DISCLOSURE OF TELECOMMUNICATIONS DATA

Chapter 4 of the TIA Act specifies the circumstances in which telecommunications data may be voluntarily disclosed to government and law enforcement agencies by carriers or carriage service providers and the conditions by which authorisations can be issued requiring the disclosure of information.

Telecommunications data is not defined in the TIA Act but is well understood to mean the metadata relating to communications, but not the contents or substance of communications themselves.

Sections 174 and 175 of the TIA Act provide for the disclosure of information to ASIO. Information may be disclosed voluntarily if it is in connection with the performance of ASIO’s functions. Information may otherwise be disclosed pursuant to an authorisation issued by the Director-General of Security, the Deputy Director-General of Security or a specified employee or affiliate of ASIO. Authorisations may be in respect of existing information or prospective information (specified information or documents that come into existence during the period for which the authorisation is in force).

Sections 177 to 180 of the TIA Act specify the circumstances in which disclosure of information or a document may be made to an enforcement agency. Voluntary disclosure of information may occur if the disclosure is reasonably necessary for the enforcement of the criminal law. Disclosure of information may also occur pursuant to authorisations issued by an authorised officer of an enforcement agency for the purpose of:

(i) the enforcement of the criminal law;

(ii) the location of missing persons; and

(iii) the enforcement of a law imposing a pecuniary penalty and for the protection of the public revenue.

Sections 180A to 180E of the TIA Act specify the circumstances in which disclosure of specified information or specified documents may be made to an officer of the AFP, or authorised by an authorised officer of the AFP, for the enforcement of the criminal law of a foreign country.

On 13 October 2015, the Telecommunications (Interception and Access) Amendment (Data Retention) Act 2015 (DR Act) came into force. The DR Act amended the TIA Act and introduced a requirement for network operators to retain and secure specific telecommunications data for a period of two years for each communications service they provide.

Under the new Part 5-1A, an obligation was introduced for carriers to retain certain specified data for two years from the date on which the information or document is created. Carriers must keep certain types of subscriber information throughout the life of the account and for a further two years after closure of the relevant account.

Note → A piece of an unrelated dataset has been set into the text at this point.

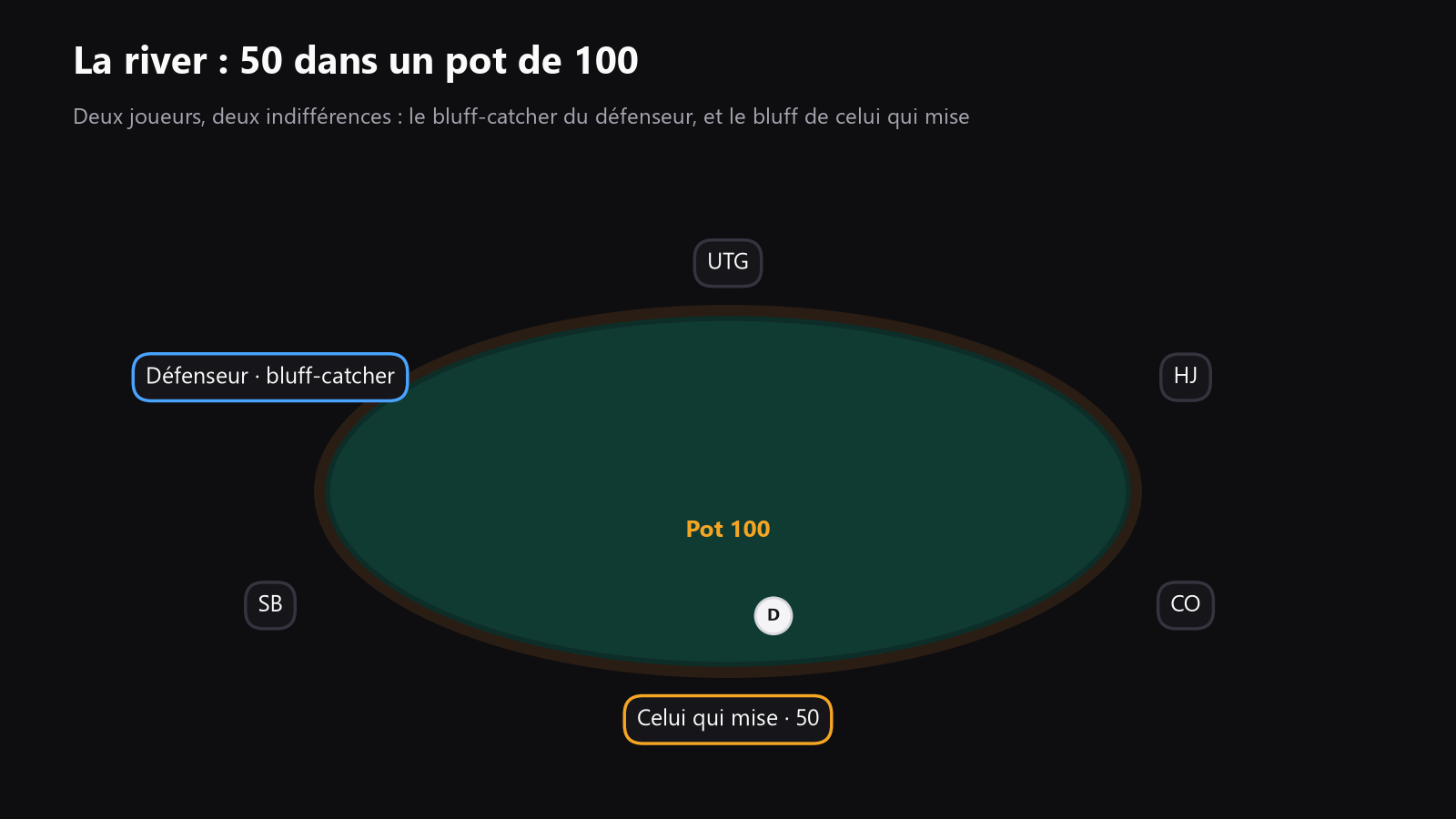 une table de poker vue de dessus sur la river, avec le pot marqué P, une mise marquée B, et deux flèches montrant payer et folder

The DR Act permitted network operators to apply for a time extension during which they would be exempt from complying with the requirements of the DR Act applying from 13 October 2015 through the lodging of a Data Retention Implementation Plan (DRIP) and approval of this DRIP by the Communications Access Co-ordinator. This process was introduced to allow network operators additional time to implement a fully compliant data retention system.

The DR Act limited data access to an approved list of agencies that have operational or investigative need to access the retained metadata. However, existing state and territory-based laws continue to allow access to a wide range of agencies and bodies in those states and territories. Law enforcement and security agencies will continue to make requests for access to telecommunications data as previously.

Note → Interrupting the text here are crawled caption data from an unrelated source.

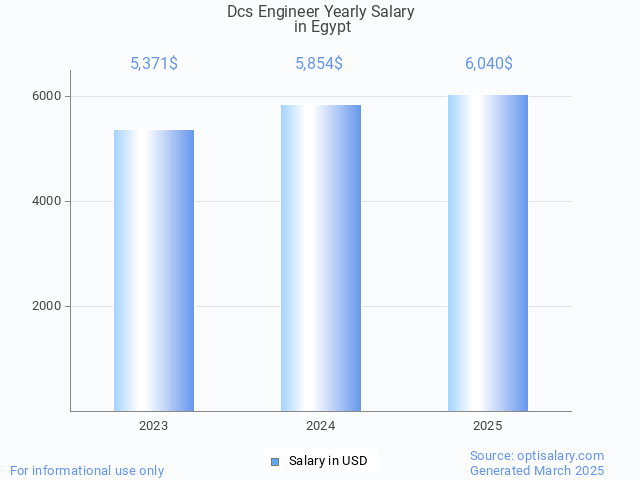 dcs engineer salary in egypt 2025 dcs engineer salary in egypt 2025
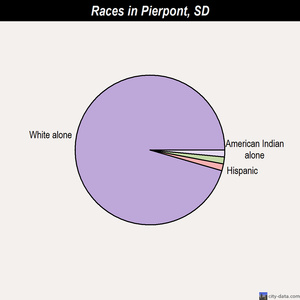 Porcupine races chart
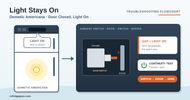 Dometic Americana Interior Light Stays On With the Door Closed: Troubleshooting Flowchart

TELECOMMUNICATIONS ACT1997

Carriers have legislative obligations under the TA to provide assistance to law enforcement and national security agencies, including an obligation to disclose information where authorised.

Under section 284 of the TA, disclosure of information to the ACMA, the Australian Competition and Consumer Commission (ACCC), the Telecommunications Ombudsman or the Children’s e-Safety Commissioner is permitted where the information may assist those agencies to carry out their functions.

Sections 279 and 280 of the TA permit the disclosure of information if the information is used in the performance of a person’s duties as an employee of a carrier or where the disclosure is authorised under a warrant and by law.

Section 313(7) of the TA specifies that a reference to giving help under section 313 of the Act includes giving effect to a stored communications warrant and to providing relevant information about any communication that is lawfully accessed under a stored communications warrant (sections 313(7)(b) and 313(7)(c)(ii)).

THE CRIMES ACT 1914

Under the Crimes Act, an authorised AFP officer may access metadata or stored communications pursuant to a search warrant.

National Security and Emergency Powers

TELECOMMUNICATIONS ACT 1997

The TA enables the Secretary of the Defence Department of the Chief of Defence Force to require the supply of a carriage service for defence purposes or for the management of natural disasters.

Under section 335 of the TA, a Defence authority may give a carriage service provider a written notice requiring the provider to supply a specified carriage service for the use of the Defence Department or the Defence Force. If a requirement is in force, the provider must supply the carriage service in accordance with the requirement, and on such terms and conditions as are agreed between the provider and the Defence authority or, failing agreement, determined by an arbitrator appointed by the parties.

Division 4 of Part 16 of the TA provides that a carrier licence condition may include a ‘designated disaster plan’ for coping with disasters and/or civil emergencies prepared by the Commonwealth, a state or a territory.

Oversight of the Use of Powers

TELECOMMUNICATIONS (INTERCEPTION AND ACCESS) ACT 1979

The TIA Act contains a number of safeguards and controls in relation to interception and access to stored communications and telecommunications data as well as a number of reporting requirements. These requirements are designed to ensure that appropriate levels of accountability exist.

Under the TIA Act, records relating to interception warrants and the use, decimation and destruction of intercepted information must be maintained by law enforcement authorities. The Commonwealth Ombudsman is required to inspect certain records (such as those maintained by the AFP) and report to the Minister (Part 2-7 of Chapter 2 of the TIA Act).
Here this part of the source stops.